The "Art in Action: Spring Break Teen Camp Art Exhibition," scheduled to be on display through Friday, features work completed at teen art camps at the Sunrise Library, 5400 Harris Ave., and Whitney Library, 5175 E. Tropicana Ave.

"It went really well," said Dikka Rian, the instructor for the Sunrise Library sections. "My only complaint is that I wish we'd had more teens take advantage of the program. It would have been nice to have a few more people there."

Rian said that for many of the students, it was the only opportunity to take an art class.

"One of the students told me she wanted to take art in middle school, but they didn't have it," Rian said. "Several of the middle and high schools in this area have dropped art from their curriculum."

Rian spent three days teaching kids from nearby high schools and middle schools subjects such as Chinese painting with pen ink and watercolor, printmaking and creating folded paper reliefs based on fractals in nature.

"It was a different kind of teaching for me," said Rian, who teaches art at Hickey Elementary School, 2450 N. Hollywood Blvd. "I've heard people say that the only difference between teaching kids and teaching adults is the size of the chairs. I thought the teens might be a little more sophisticated. They seemed a little shy, but I guess that's the nature of adolescence. They must have enjoyed it. They all came for all the sessions."
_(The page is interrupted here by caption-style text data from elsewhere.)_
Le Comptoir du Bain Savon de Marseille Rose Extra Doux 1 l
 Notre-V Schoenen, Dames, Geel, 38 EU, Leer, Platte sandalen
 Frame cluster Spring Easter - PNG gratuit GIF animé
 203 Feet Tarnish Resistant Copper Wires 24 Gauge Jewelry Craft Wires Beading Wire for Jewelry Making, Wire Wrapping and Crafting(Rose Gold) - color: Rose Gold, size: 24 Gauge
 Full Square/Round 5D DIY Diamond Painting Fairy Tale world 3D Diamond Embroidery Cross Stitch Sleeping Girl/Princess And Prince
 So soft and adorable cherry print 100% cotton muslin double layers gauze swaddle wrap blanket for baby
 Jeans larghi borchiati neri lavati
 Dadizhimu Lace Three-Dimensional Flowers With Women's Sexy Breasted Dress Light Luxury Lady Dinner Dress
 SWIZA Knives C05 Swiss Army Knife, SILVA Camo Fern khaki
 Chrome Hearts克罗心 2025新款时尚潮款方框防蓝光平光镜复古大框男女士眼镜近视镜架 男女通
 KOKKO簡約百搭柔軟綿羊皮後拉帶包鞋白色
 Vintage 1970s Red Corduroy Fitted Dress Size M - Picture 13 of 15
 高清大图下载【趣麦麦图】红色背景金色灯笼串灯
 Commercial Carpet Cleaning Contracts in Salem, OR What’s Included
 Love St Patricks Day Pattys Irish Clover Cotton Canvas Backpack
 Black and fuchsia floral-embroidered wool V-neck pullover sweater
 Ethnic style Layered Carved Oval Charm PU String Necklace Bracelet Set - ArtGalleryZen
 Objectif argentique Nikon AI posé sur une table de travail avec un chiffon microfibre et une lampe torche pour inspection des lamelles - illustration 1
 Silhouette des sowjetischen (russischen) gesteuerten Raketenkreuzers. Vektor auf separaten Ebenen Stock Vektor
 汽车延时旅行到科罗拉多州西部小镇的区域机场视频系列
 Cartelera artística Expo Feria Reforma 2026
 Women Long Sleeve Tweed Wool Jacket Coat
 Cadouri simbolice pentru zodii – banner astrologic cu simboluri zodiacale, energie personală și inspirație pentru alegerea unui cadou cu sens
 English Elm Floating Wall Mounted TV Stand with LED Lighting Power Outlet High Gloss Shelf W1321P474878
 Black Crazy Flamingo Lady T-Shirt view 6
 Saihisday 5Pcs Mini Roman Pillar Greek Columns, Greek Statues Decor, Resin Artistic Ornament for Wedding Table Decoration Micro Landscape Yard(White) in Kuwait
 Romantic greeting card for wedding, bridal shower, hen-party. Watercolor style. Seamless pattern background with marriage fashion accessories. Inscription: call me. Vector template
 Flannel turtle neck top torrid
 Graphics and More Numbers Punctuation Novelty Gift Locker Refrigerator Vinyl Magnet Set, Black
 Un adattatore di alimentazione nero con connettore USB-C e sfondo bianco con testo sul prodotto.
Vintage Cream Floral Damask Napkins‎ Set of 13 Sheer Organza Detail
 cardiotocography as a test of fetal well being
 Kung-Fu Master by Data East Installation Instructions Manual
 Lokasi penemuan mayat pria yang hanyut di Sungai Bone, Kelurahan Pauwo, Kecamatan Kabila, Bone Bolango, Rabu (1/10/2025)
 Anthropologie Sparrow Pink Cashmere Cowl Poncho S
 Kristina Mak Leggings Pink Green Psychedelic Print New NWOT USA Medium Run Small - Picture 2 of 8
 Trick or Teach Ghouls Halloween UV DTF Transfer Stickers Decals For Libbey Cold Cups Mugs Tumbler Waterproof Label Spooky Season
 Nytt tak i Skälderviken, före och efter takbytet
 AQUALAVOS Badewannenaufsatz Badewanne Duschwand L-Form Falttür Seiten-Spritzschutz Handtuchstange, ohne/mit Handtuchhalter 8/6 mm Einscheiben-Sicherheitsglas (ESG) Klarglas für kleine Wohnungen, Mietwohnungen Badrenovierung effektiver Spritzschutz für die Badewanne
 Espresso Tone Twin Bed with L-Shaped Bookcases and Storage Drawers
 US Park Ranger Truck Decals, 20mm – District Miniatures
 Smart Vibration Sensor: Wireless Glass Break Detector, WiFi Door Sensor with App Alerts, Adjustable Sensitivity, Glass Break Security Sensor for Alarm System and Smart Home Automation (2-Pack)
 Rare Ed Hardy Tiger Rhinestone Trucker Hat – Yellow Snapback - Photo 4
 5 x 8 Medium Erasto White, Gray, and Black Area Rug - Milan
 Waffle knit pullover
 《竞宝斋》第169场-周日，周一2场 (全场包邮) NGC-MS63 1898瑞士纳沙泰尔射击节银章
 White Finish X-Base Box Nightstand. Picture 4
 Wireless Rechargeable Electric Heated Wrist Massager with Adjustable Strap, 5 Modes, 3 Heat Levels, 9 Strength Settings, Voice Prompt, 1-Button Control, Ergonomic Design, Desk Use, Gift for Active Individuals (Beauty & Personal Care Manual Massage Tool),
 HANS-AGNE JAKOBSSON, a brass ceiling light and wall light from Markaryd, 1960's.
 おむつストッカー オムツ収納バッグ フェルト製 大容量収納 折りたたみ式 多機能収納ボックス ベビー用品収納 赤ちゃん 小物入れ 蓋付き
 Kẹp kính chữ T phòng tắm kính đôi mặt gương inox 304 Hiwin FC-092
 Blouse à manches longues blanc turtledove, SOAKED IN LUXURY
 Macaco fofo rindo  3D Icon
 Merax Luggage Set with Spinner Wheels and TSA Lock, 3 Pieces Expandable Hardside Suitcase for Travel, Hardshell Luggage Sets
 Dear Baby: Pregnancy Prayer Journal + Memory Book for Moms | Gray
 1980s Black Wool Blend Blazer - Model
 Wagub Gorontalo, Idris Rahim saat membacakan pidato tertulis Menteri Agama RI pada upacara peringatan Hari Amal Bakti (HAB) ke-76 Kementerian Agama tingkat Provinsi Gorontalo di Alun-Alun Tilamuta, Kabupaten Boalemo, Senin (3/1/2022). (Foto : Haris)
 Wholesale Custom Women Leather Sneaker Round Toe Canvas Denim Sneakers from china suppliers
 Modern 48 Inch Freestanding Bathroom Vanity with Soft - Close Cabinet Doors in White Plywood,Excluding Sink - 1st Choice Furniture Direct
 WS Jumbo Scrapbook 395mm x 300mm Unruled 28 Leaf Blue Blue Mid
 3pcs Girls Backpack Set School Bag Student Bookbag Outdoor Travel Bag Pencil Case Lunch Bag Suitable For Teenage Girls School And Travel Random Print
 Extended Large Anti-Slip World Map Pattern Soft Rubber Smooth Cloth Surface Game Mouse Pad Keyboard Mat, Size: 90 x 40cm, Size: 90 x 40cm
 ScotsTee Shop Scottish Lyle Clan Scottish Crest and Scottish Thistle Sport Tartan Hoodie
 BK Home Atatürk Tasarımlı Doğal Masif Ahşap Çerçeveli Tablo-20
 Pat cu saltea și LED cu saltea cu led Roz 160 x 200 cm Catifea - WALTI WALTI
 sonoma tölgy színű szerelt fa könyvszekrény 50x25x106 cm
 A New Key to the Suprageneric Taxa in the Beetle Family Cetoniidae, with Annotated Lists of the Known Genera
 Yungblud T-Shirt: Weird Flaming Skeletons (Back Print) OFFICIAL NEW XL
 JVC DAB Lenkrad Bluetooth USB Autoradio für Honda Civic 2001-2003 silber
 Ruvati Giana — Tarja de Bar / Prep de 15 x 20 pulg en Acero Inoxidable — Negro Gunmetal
The other element Rian had to adjust was the pace of the lessons.

"Everything had to be done in one day, so it was an interesting challenge," she said.

The spring break art programs were offered at five sites across the valley, including the Whitney Library, where teens learned bookmaking, comic strip creations and puppet construction from instructor Stacy Rice.

The program was funded in part by a grant from the Nevada Arts Council and the National Endowment for the Arts. Rian said she felt the program was a success, and she believes the library district will offer the program again next spring break and perhaps even expand it.

Shana Harrington, children's services department head at the Sunrise Library, said Las Vegas Valley libraries offer a wide variety of programs for teens throughout the year, including some particularly exciting ones in the summer.

"We're going to wrap up our summer reading program on July 31," she said. "It started in June, but it's not too late to sign up."

The program has readers from tots to teens logging their reading habits for prizes.

"They can sign up for the program at the library with the help of a librarian or on one of the library's public computers," Harrington said. "They just need a library card, or they can sign up with a parent's card."

Other teen programs at the Sunrise Library include volunteering opportunities and a teen advisory group. Events include a tournament featuring the competitive card game Yu-Gi-Oh! scheduled from 2:30 to 4:30 p.m. July 28.

Teen arts events still to come at the Whitney Library include a paper craft class from 3 to 4:30 p.m. Saturday, an artist's studio session from 3 to 4:30 p.m. July 20 and a teen vampire sock puppet and pizza party from 3 to 4:30 p.m. July 27.